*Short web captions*
[Start of Attachment]
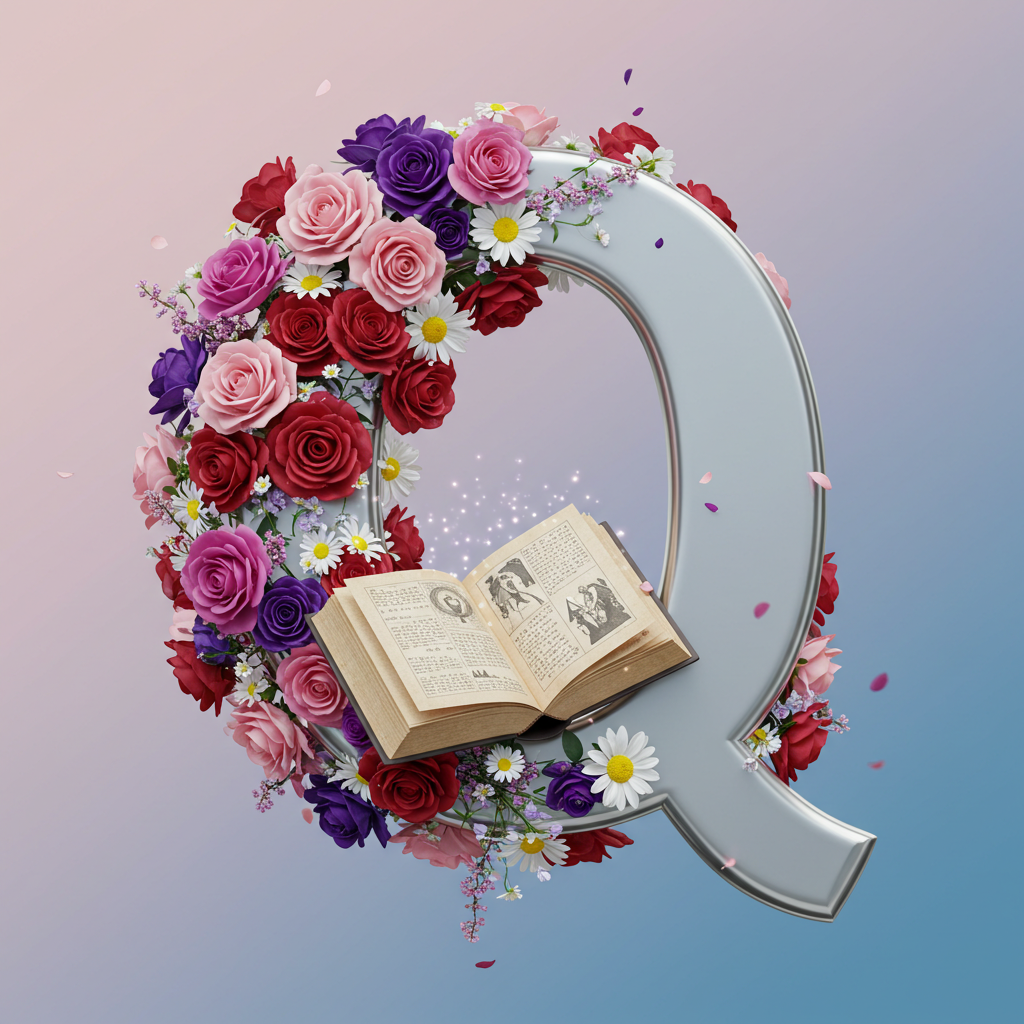 Silver with roses — letter Q (variant 2)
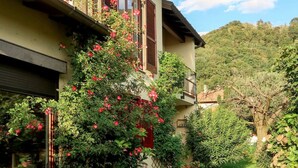 A house with a garden, a pathway, and a hillside in the background. - Il Ciliegio by Interhome (Maccagno con Pino e Veddasca)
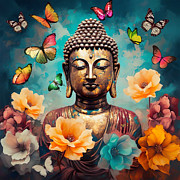 Buddha Face Lotus 4 Painting by Mark Ashkenazi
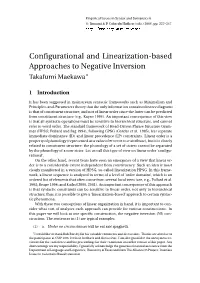 Configurational and Linearization-Based Approaches
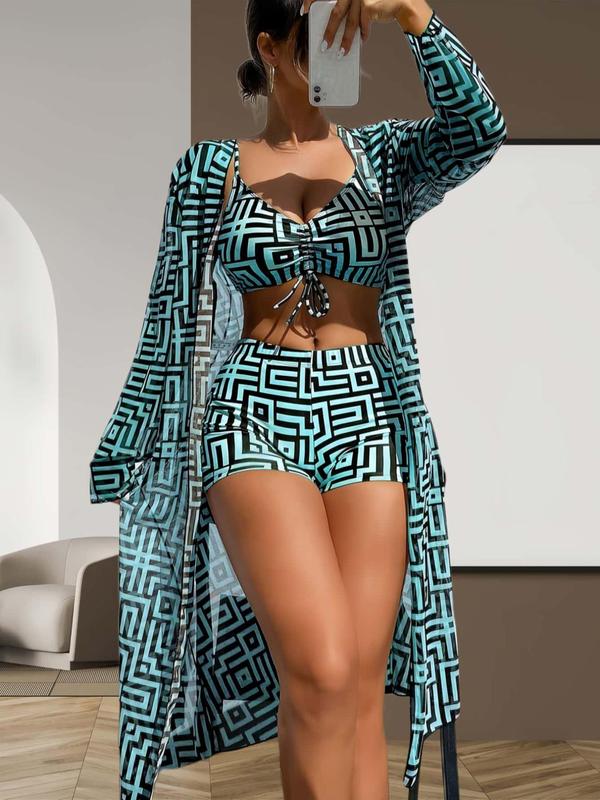 Three-Piece Set Women's Geometric Print Drawstring Swimsuit Set, Casual Long Sleeve Open Front Cover Up & Ruched Swim Bra & High Waist Swim Shorts Set, Ladies Swimwear for All Seasons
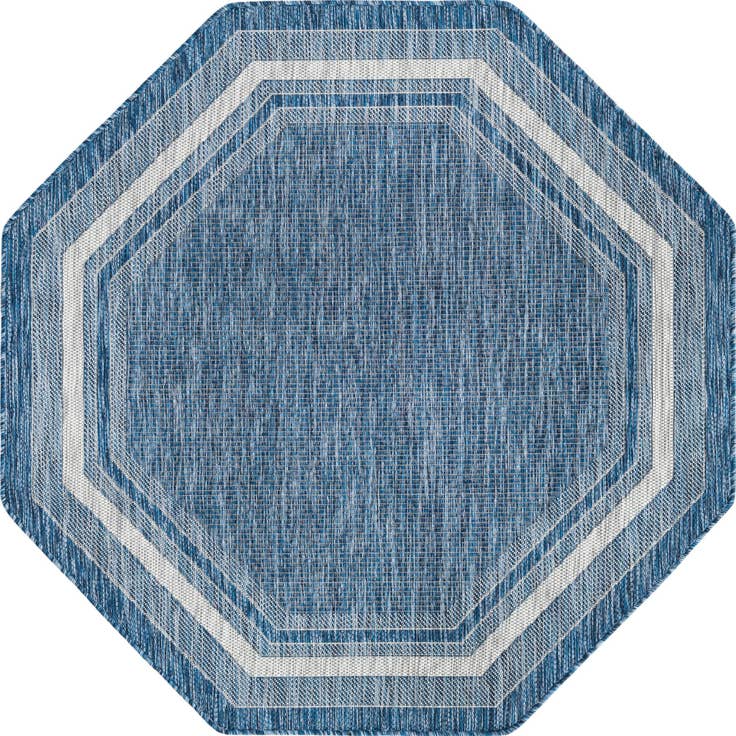 Detail image of 5' 3 x 5' 3 Easy-Clean Border Indoor / Outdoor Octagon Rug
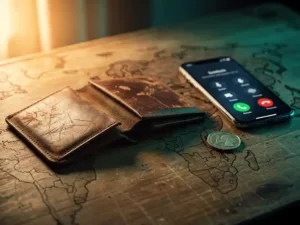 Worn leather wallet open beside a single coin and smartphone showing an international call, on a wooden table with faint Africa-Europe map engravings.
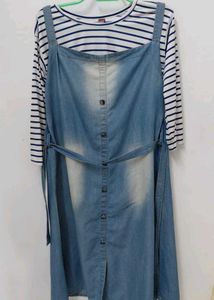 Denim Pinafore Dress with Striped Top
[End of Attachment]
*What you will do*
Only what runs from the line containing "Three-Piece Set Women's" through the end of the entries above should be extracted, exactly and without pictures.

*Task response*
 Three-Piece Set Women's Geometric Print Drawstring Swimsuit Set, Casual Long Sleeve Open Front Cover Up & Ruched Swim Bra & High Waist Swim Shorts Set, Ladies Swimwear for All Seasons
 Detail image of 5' 3 x 5' 3 Easy-Clean Border Indoor / Outdoor Octagon Rug
 Worn leather wallet open beside a single coin and smartphone showing an international call, on a wooden table with faint Africa-Europe map engravings.
 Denim Pinafore Dress with Striped Top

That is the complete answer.